People in the UK conduct their registrations for life events in their local register offices. The General Register Office is where the copies of registered births, deaths, marriages and civil partnerships in UK are held centrally. It has administrative centers in Scotland, Northern Ireland, England and Wales that branch out in different locations in the country. It is important that registrations be done in the local office of the area where the birth, marriage, or death took place. If you are unable to go to the appropriate district office where the event occurred, you may try any of the district offices in the area and all details shall be duly transferred to the original council office. Registrations can be done in person or by appointment.

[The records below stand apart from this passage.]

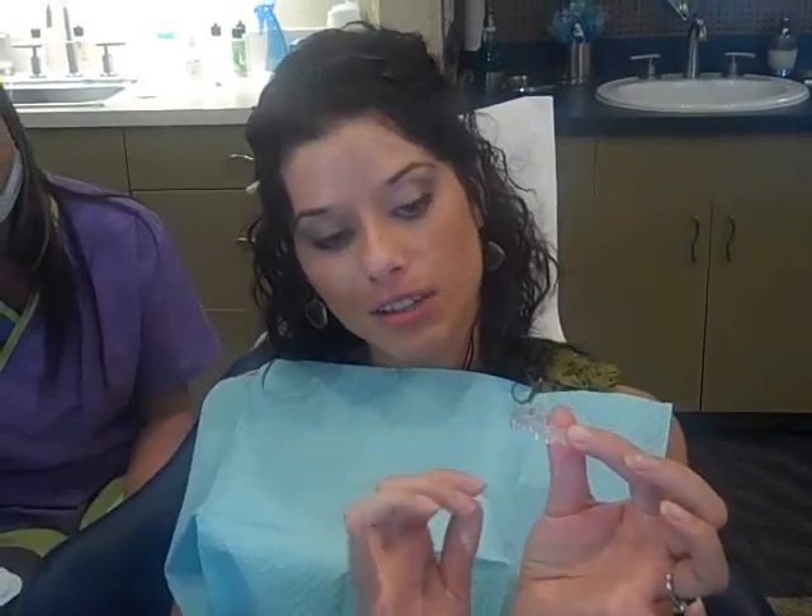They're different than like my retainers, for example. These have the actual grooves at the bottom, whereas my retainers — after I had gotten my braces off, let's just say a few years ago — they were completely solid all the way around, so they would be a little troublesome. They'd sort of irritate the gum line. This doesn't look as if it's going to do that, which is kind of exciting.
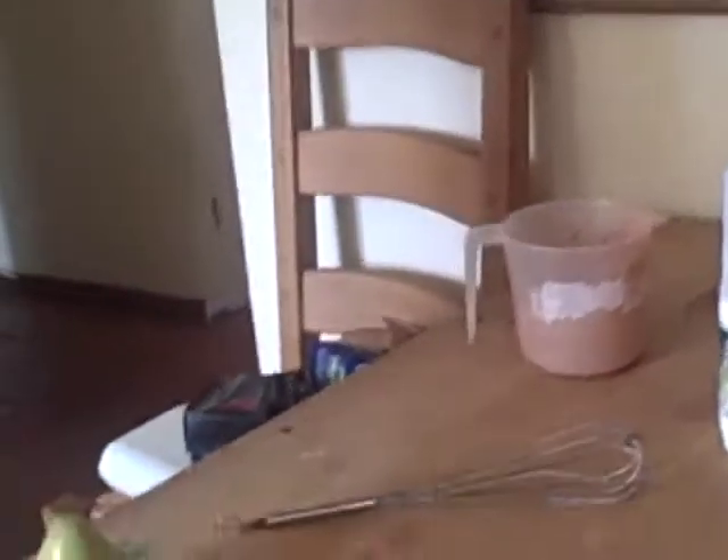Why waste your money on processed foods when you can rummage around in your cupboard and find something like this? Do something about it. Why waste your money on processed foods when you can rummage around in your cupboards and make your own? Do something about it.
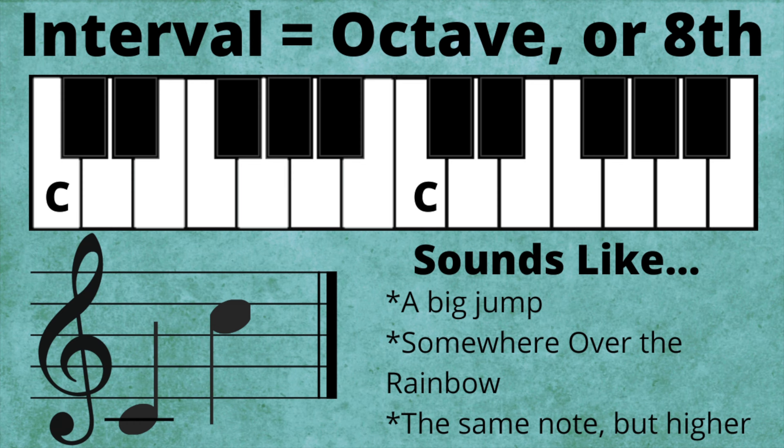Octave. I'm going to play a C on the keyboard, followed by the next highest C on my keyboard. An eighth, or octave, just happens to be eight notes apart in a major scale. Think octopus, octagon — 'oct' meaning eight. And it sounds like a really big jump. In fact, it's uncommon for a melody to jump between notes larger than an octave. The song 'Somewhere Over the Rainbow' begins with an octave — listen especially to the big jump between the first two pitches.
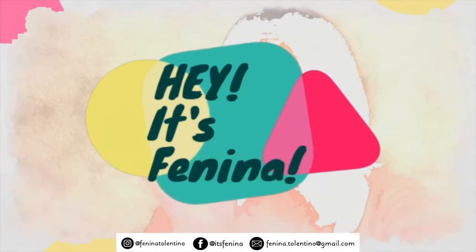Hi guys! Hey friends! It's Fenina! Welcome back to my channel. For today's video, as you can see from the title, it is going to be a first impression review on Benton's cleansing water.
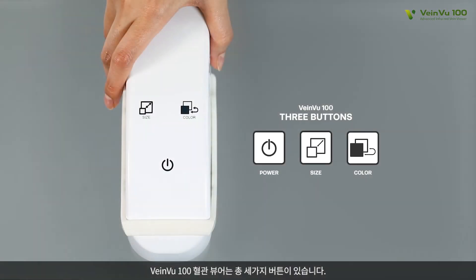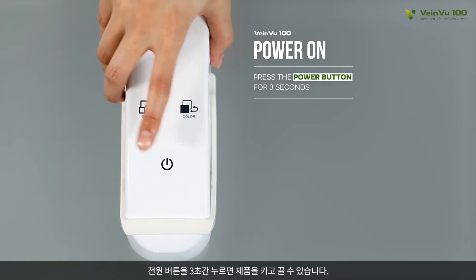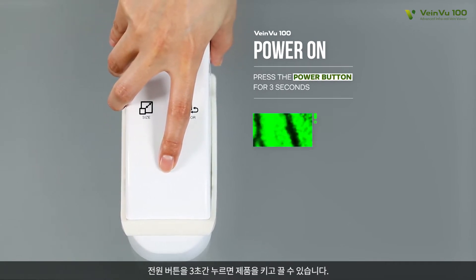VeinView 100 Transilluminator has three buttons. To power on or off the product, push the power button for three seconds.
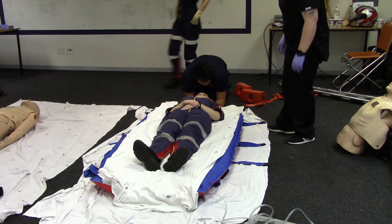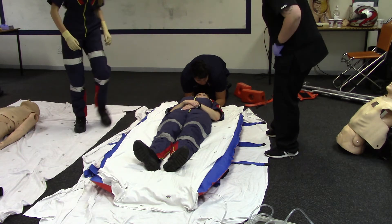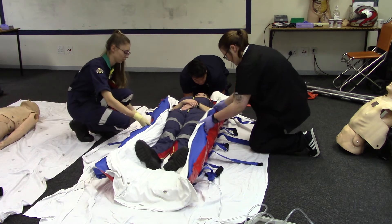Fold the surrounding areas of the mattress towards the patient and clip the straps in a mixed fashion.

To register a birth, you must go to your nearest local register office not more than 42 days of the baby's birth (not more than 21 days in Scotland). All transactions will be held in private. It is crucial that you are clear and precise when stating information as these may be difficult to change in the future. You may have to undergo a series of legal procedures that will cost you time and money if errors were to ensue.
The child must ideally be registered by the parents. If they are married, it can be done by either one of them as long as necessary information about the other can be supplied by completing a statutory declaration form. Otherwise, a re-registration shall be needed in the future containing the particulars of the other parent. If they are unmarried when the child was born, a prescribed legal document that has been signed by the other parent should be presented.

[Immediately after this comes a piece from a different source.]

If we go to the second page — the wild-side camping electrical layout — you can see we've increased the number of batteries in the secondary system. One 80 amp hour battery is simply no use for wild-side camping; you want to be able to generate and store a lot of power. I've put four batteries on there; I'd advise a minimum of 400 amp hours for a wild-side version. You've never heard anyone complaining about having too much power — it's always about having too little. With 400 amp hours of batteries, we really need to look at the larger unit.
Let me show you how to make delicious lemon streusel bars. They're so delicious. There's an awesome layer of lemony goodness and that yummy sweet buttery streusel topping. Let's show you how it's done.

If the parents are not present, the following people can assume the responsibility: a relative from either side of the parents' kin who has knowledge of the birth; owner of the house where the child was born; someone who was in attendance during the delivery; or someone owning guardianship of the child.
Here are the information needed in registering a birth:
- The place and date of the baby's birth
- Baby's name and surname
- Baby's parents' full name, surname, birthplace, and occupation when the baby was born
- Baby's mother's address
- Baby's mother's maiden name
- The date of the baby's parents' marriage and the number of children they currently have.
- If the mother had been married earlier, the number of children she has with the first and consecutive husbands should also be mentioned.
The birth certificate will be issued immediately after the registration process unless you are not in the designated district office, in which case you may have to wait for a few days. The office will only issue a short birth certificate containing the baby's name, surname, sex, birth date and the district of registration free of charge; the complete extract for a fee. You may obtain a certified copy of documents for £3.50 at the registration time or pay the standard fee £7.00 for the full birth certificate and £5.50 for the short birth certificate if you decide to get it at a later time.
In the case of babies born in a foreign country, it is a requisite that registrations be filed in the British High Commission in that country. All records shall be held in the GRO within 12 months of processing and all additional copies can be ordered from the Foreign and Commonwealth Office. You cannot, however, register births that occurred in the following countries: Australia, Canada, New Zealand, Republic of Ireland, South Africa and British Overseas Territories.